### Given information
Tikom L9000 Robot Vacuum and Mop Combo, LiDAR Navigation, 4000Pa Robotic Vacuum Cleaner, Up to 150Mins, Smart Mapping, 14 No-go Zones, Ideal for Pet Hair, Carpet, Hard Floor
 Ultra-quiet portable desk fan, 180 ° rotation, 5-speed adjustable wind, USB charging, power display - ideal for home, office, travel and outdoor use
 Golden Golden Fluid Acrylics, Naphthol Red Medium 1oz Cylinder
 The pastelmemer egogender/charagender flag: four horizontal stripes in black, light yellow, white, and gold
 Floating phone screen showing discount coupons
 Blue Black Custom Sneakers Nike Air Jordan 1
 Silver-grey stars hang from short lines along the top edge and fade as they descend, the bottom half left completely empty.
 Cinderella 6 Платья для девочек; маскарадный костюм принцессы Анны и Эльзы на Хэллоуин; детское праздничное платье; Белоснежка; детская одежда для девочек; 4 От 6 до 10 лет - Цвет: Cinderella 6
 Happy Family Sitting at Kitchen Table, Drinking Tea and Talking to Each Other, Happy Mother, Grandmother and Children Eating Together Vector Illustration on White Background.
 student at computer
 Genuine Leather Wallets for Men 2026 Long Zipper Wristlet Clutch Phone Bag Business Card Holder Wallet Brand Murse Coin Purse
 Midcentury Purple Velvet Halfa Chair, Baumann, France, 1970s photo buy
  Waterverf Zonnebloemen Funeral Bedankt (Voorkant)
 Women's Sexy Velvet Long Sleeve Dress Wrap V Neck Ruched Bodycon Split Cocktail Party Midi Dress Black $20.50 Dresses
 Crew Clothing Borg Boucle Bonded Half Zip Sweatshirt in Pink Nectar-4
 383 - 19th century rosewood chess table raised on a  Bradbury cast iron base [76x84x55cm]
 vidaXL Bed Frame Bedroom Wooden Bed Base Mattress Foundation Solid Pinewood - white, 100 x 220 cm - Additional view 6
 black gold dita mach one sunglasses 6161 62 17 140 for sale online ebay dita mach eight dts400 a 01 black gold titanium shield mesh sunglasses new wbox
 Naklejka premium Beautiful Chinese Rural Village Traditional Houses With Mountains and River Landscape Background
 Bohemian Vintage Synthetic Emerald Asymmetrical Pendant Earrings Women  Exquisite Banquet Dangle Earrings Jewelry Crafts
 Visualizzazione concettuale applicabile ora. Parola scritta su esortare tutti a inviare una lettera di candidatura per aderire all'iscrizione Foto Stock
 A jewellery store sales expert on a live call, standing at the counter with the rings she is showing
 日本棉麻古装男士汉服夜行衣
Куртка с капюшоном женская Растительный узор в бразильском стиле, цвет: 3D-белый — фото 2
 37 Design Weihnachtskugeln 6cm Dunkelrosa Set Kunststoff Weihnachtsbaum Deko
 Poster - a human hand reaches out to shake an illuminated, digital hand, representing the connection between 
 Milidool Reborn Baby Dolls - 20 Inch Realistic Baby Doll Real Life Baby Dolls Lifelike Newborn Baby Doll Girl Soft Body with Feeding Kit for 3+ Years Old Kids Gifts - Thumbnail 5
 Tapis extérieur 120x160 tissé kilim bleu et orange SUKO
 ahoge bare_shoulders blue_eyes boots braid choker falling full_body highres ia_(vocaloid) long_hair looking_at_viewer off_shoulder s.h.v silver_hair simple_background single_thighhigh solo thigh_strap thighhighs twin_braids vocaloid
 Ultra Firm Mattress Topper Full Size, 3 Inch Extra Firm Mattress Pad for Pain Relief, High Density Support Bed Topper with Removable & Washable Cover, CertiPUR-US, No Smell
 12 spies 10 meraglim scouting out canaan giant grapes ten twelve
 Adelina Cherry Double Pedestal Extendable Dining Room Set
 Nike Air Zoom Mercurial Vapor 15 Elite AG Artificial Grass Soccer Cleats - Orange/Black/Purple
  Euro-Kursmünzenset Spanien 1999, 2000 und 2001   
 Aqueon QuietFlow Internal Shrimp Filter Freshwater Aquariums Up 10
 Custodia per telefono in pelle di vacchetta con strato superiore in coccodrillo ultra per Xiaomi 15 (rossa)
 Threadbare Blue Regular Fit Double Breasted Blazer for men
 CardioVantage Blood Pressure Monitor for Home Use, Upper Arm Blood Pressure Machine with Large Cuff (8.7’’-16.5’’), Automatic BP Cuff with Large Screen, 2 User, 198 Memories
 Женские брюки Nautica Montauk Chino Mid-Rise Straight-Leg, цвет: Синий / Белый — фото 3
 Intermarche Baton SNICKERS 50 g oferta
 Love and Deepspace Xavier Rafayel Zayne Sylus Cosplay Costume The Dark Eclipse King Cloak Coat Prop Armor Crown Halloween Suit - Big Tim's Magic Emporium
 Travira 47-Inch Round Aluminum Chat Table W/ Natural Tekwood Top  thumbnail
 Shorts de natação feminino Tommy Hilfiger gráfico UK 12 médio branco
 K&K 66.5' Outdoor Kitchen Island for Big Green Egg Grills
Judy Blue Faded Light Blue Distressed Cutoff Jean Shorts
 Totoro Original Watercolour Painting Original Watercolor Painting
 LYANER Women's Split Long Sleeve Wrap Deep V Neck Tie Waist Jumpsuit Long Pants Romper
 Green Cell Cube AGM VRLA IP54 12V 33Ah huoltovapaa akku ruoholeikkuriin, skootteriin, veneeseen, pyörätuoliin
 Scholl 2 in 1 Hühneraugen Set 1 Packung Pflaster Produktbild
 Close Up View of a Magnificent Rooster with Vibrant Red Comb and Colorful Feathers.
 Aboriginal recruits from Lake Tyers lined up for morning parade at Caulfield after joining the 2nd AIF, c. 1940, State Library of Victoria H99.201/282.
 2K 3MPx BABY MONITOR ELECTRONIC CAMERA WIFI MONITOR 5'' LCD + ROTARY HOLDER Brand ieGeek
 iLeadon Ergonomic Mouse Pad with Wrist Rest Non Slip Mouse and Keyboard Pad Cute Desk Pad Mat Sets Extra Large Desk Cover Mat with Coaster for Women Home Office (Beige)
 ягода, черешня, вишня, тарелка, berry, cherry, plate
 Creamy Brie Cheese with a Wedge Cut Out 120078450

### Work item
Set down only the lines above that fall between the line holding "Women's Sexy Velvet" and the line holding "Naklejka premium Beautiful", inclusive, keeping each exact.

### Expected answer
 Women's Sexy Velvet Long Sleeve Dress Wrap V Neck Ruched Bodycon Split Cocktail Party Midi Dress Black $20.50 Dresses
 Crew Clothing Borg Boucle Bonded Half Zip Sweatshirt in Pink Nectar-4
 383 - 19th century rosewood chess table raised on a  Bradbury cast iron base [76x84x55cm]
 vidaXL Bed Frame Bedroom Wooden Bed Base Mattress Foundation Solid Pinewood - white, 100 x 220 cm - Additional view 6
 black gold dita mach one sunglasses 6161 62 17 140 for sale online ebay dita mach eight dts400 a 01 black gold titanium shield mesh sunglasses new wbox
 Naklejka premium Beautiful Chinese Rural Village Traditional Houses With Mountains and River Landscape Background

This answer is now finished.